If released, Bloomberg says Amazon’s box will be dedicated to streaming Amazon content over the internet. This content would undoubtedly focus on material from its own Instant Video Service. For those unfamiliar with this service, it includes recent movie releases and television shows, thousands of which are available to Amazon Prime members at no additional cost beyond the yearly $79 Prime membership fee. Some of these shows, such as Downtown Abbey, are licensed exclusively to Amazon. The company would also likely allow access to Amazon Original Plots, a new content series composed of original audience-influenced movies and shows.

Aside from streaming movies and shows direct from Amazon, the box could potentially provide customers with other services. This may include allowing customers easy access to the e-store’s millions of product offerings, which Amazon has made available to smartphone and tablet users through app releases. It may also offer streaming capabilities for music. And, perhaps, the device may act as cloud-based DVR service or a platform for consumers to purchase channel content in a pay-as-you-go format.

If Amazon does release a set-top product, it will be entering what is already a crowded product field. The most popular stand-alone set-top devices include Apple TV and Roku players, which have been available to consumers for several years. But other devices also provide consumers with access to streaming services such as Hulu, Vudu, YouTube, and Netflix. They include gaming machines (such as Playstation and Xbox) and numerous SmartTVs and blu-ray players that come preloaded with streaming services and apps that allow users to access internet based content such as Facebook.

Amazon would essentially be competing directly with other products that currently offer Amazon’s streaming service. If Amazon is able to offer more services (such as television shopping or access to exclusive Amazon video content) to their Prime Membership they may just have a home-run product that will be very attractive to a customer base that is already in place.

_Image Credit: Amazon.com
Source Credit: Bloomberg Businessweek_


----------



## snowmanick (Oct 16, 2007)

A quick note on Amazon's VOD, or at least an option they offer, that may make such a set top box more interesting.

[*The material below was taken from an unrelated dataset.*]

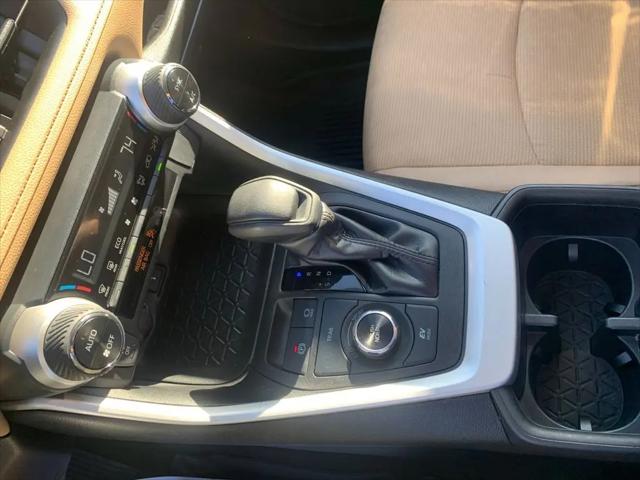 2022 Toyota RAV4 Hybrid LE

When you buy certain Blu-ray's (maybe DVD's as well), Amazon will give you a free version of it in their streaming service. I just picked up I Am Legend on BR, and noticed this in the confirmation email for the order. I checked my streaming account, and sure enough, there it is. A nice feature that Netflix, etc, doesn't offer.


----------



## tripplej (Oct 23, 2011)

Will the streaming version of the DVD you purchase remain indefinately or is there a time limit? Reason I ask, is this is good if it stays forever in case your dvd gets lost or damaged.


----------



## snowmanick (Oct 16, 2007)

Well I checked, and disappointingly the rental expires in a month. While it is still a nice feature, I was hoping a digital copy (a la Ultra Violet) would be stored in my digital account for the very reasons you mentioned. So, while it is still nice, and allows you to view the movie right away (if you are really hankering to see it), it is not a stored copy.

Maybe eventually it will be. It would be really cool to have a feature such as that automatically done. Maybe the licensing costs are just too high to make it profitable currently?


----------